They didn't even ask me any questions.

Last week I gave some thoughts on how players and game masters might deal with the mortality of characters in a tabletop roleplaying game. The deaths of fictional characters can hit us hard, especially if we’ve been the ones to drive them towards their goals and establish their hopes for the future. I’ve found it can be even more gut-wrenching than having to write a character death in a novel, as death in TTRPGs is dictated by dice and a series of choices; unplanned. The shock of such a loss might even bring up real-life tragedy in a player, and, as such, a player group should always be supportive and empathetic to their fellows, even if such things don’t affect you the same way.

In roleplaying games, the most dreaded (or highly anticipated, depending on malice levels) such outcome is the total party kill. Your players have journeyed through their imaginations together for weeks, months, or even years, and some great challenge, whether set before them by the game master or foolishly sought out, has proven too great a match. One by one, or even all at once in a fiery explosion, the player characters are snuffed out, falling to crimson lightsabers or a hail of droid blasterfire.

That’s it. The story is done, and without a chance of catharsis. Game over.

Different player groups have different reactions to such an occurrence. For some, it’s something that can be brushed off. “Oh well. We tried, right, guys?” For others, it can prove devastating, especially if the TPK took place during what was meant to be the climactic culmination of an otherwise rich and rewarding campaign. Still other groups can devolve into blaming back and forth about where a fatal misstep might have compromised an entire battle plan or exit strategy.

Regardless of reactions, communication is, as usual, key. Does the group collectively want to make new characters and try to avenge their past party in the same storyline? Or maybe everyone would prefer to start fresh; new characters, new campaign, and even an entirely new system (Star Wars has some great ones to choose from).

Ultimately, if real-world bonds are strong, players will still wish to continue telling stories together across the galaxy. But a game master may take the opportunity to decide if a brief hiatus would be beneficial to help everyone come to terms with the past and grow excited for what comes next.
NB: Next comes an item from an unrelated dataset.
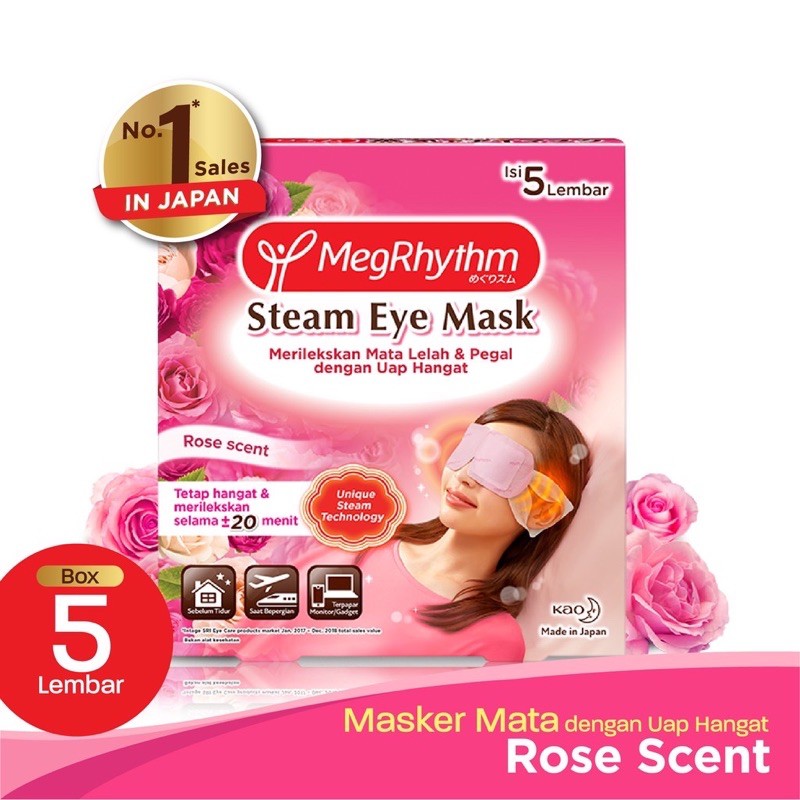 MegRhythm Masker Mata Steam Eye Mask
What about when the consequences of a shared story thread don’t involve death, though? Perhaps the Hutt crime boss whom your crew double-crossed last month doesn’t want you dead, merely trapped in his employ. That slimy Moff you opposed in the senate? He’ll be looking for ways to apply pressure in your personal life that will persuade you to vote in his favor, next time. Maybe your former brother-in-arms doesn’t want to assassinate you for making the choice to leave him behind. He’ll be content to snuff out that village you pulled back to defend, seemingly at the cost of his life.
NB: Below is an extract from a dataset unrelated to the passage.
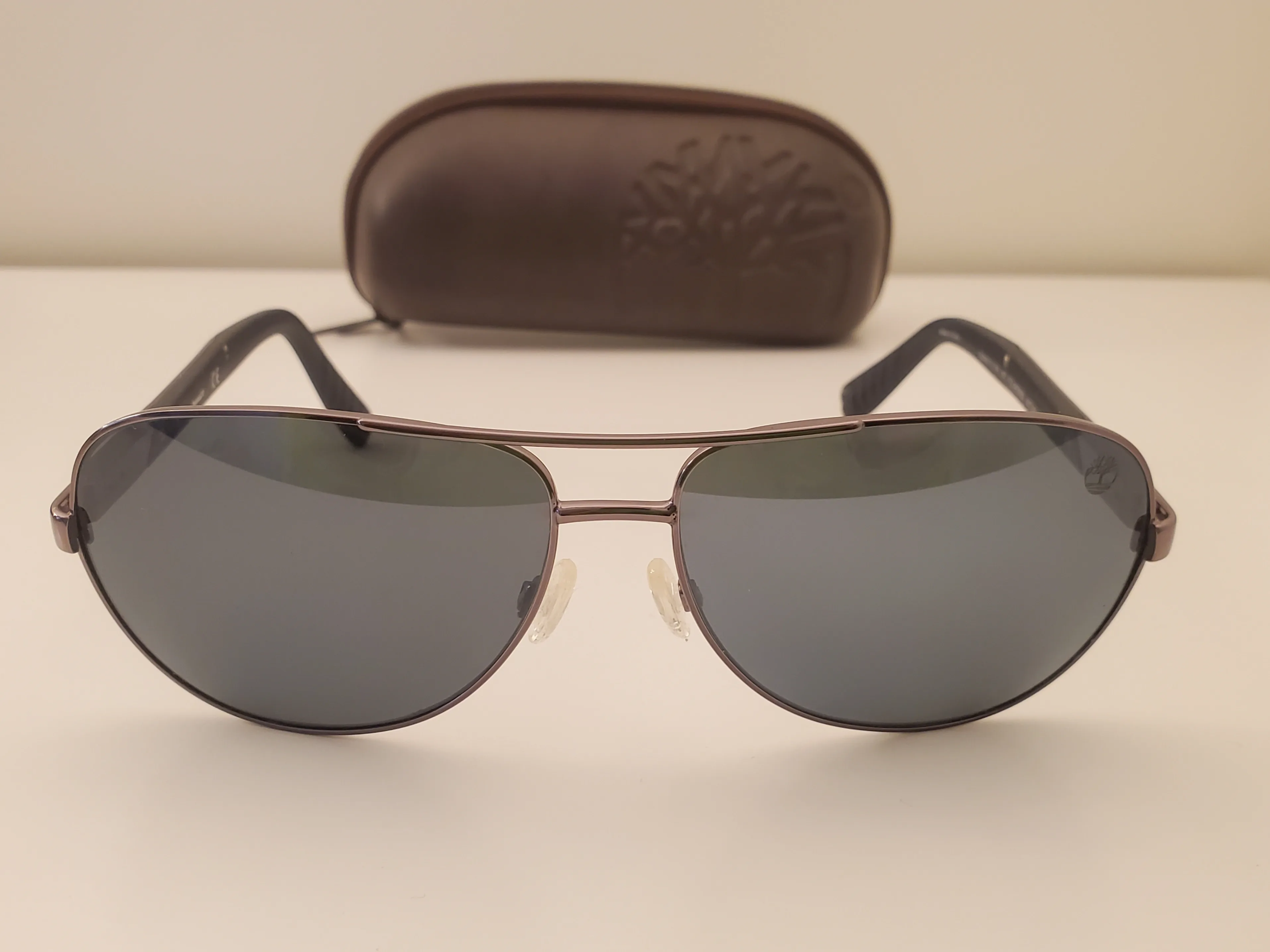 Timberland TB9058-08D Polarized Sunglasses in Gunmetal Grey Lens image indicator(4)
There are numerous ways for past choices to return and haunt player characters, not all of them involving a sentient antagonist. Dared to flee with a caravan into the treacherous Deep Core? You risk losing your civilian vessels to supernova currents and nebulae.

Consequences needn’t even always strike at the player character themselves. Often it can even prove more impactful for the negative ramifications to fall on another character’s head, even that of another player. Will the group rally to right past wrongs?

Last time I told you all the story of Ayontha. Now I’d like to focus on Mylyri.

As you may recall, as the party of this campaign was extracting their Sith Pureblood companion from the precursor One Sith on the world of Dromund Kaas, Mylyri had briefly dueled with Darth Wyyrlok. The two had engaged in tense lightsaber combat atop a walkway, with the Cathar Jedi-in-training slipping through the Chagrian Sith’s defenses to score a disfiguring (and delightfully canon) blow that toppled Wyyrlok to the floor far beneath.

While the Sith was dazed, Mylyri fled with her friends and continued to battle on behalf of the Rebel Alliance in the Galactic Civil War.

Months passed, and a budding romance Mylyri had struck up with a former stormtrooper named Braxis (that’s a whole other story) bloomed into a no-frills wedding.

The various wedding gifts provided by the rest of the squad would take too long to explain, but trust me, they were hilarious.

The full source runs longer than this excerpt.